"Zero è uguale al 93,789 per cento. Zero deve essere uguale al cento per cento". In una Londra di un futuro non precisato, Qohen Leth (Christoph Waltz) vive dentro una chiesa abbandonata. Disturbato ed eccentrico genio del computer, ha difficoltà a relazionarsi con il prossimo. La sua esistenza è condizionata dall'angoscia, nell'attesa di una telefonata che, ne è sicuro, gli darà finalmente le risposte che aspetta da tempo. Intanto, però, deve venire a capo del nuovo progetto affidatogli da Management (Matt Damon), The Zero Theorem, destinato a fornire la soluzione del mistero sul senso della vita: oltre ad un progressivo esaurimento nervoso, Qohen dovrà "sopportare" anche le incursioni della bella e disinibita (?) Bainsley (Melanie Thierry) e del giovane figlio-prodigio di Management, Bob (Lucas Hedges).

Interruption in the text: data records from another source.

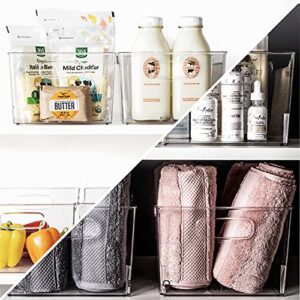 BINO | Plastic Storage Bins - 12 Pack | THE LODGE COLLECTION | Multi-Use Organizer Bins | Built-In Handles | BPA-Free | Pantry Organization | Home Organization | Fridge Organizer | Freezer Organizer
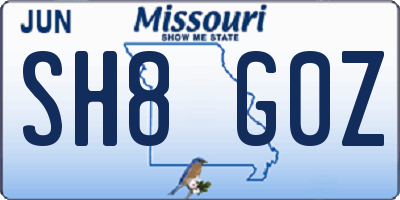 MO license plate SH8G0Z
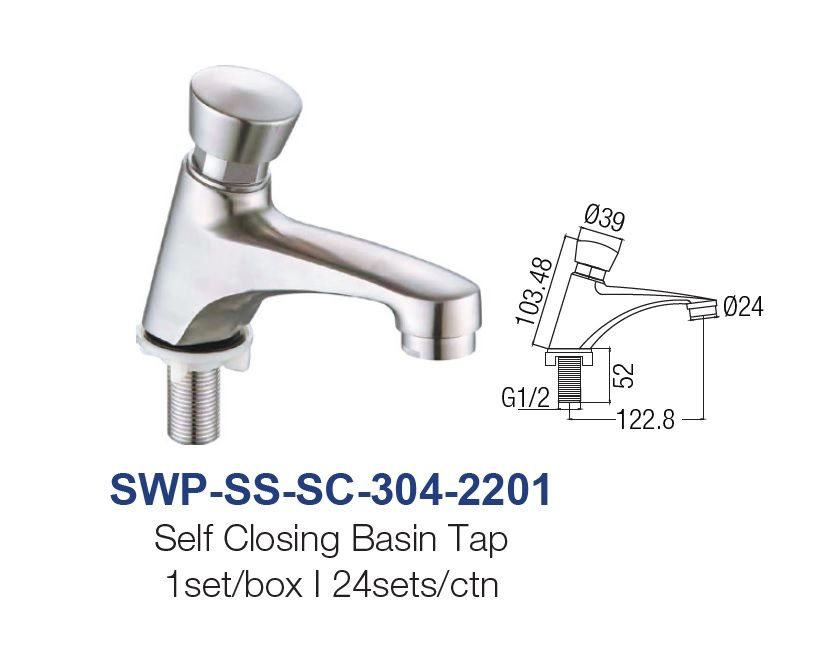 SWP-SS-SC-304-2201  Self Closing Basin Tap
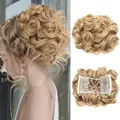 Detailed view showing synthetic golden wavy hair bun with comb clips for hair volume - 18# (Ash Blonde)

Sovraccarico, imperfetto e libero, il film di Terry Gilliam - in concorso a Venezia otto anni dopo I fratelli Grimm e l'incantevole strega - rimanda gli occhi e il pensiero a Brazil, ma la riflessione è spostata di trent'anni in avanti. Ai nostri giorni, che nel futuro rappresentato dal film trovano un'iperbole riproduttiva spaventosa: la connessione è amplificata, i rapporti umani distrutti. Non a caso, Qohen parla in prima persona plurale e allontana da sé qualsiasi tipo di contatto con il prossimo: il passo successivo è un buco nero. Lo stesso che Qohen sogna in maniera ricorrente, lo stesso che - ma è solo un'ipotesi - ci potrebbe ingoiare tutti una volta risolto il Zero Theorem. La perfezione è la fine, la virtualità - unico modo in cui Qohen riesce ad avvicinarsi a Bainsley - semplicemente un surrogato. Dove alla fine, ancora una volta soli, potremo palleggiare con il sole.

Disperato, bellissimo.

In concorso a Venezia nel 2013, trova finalmente una distribuzione in sala.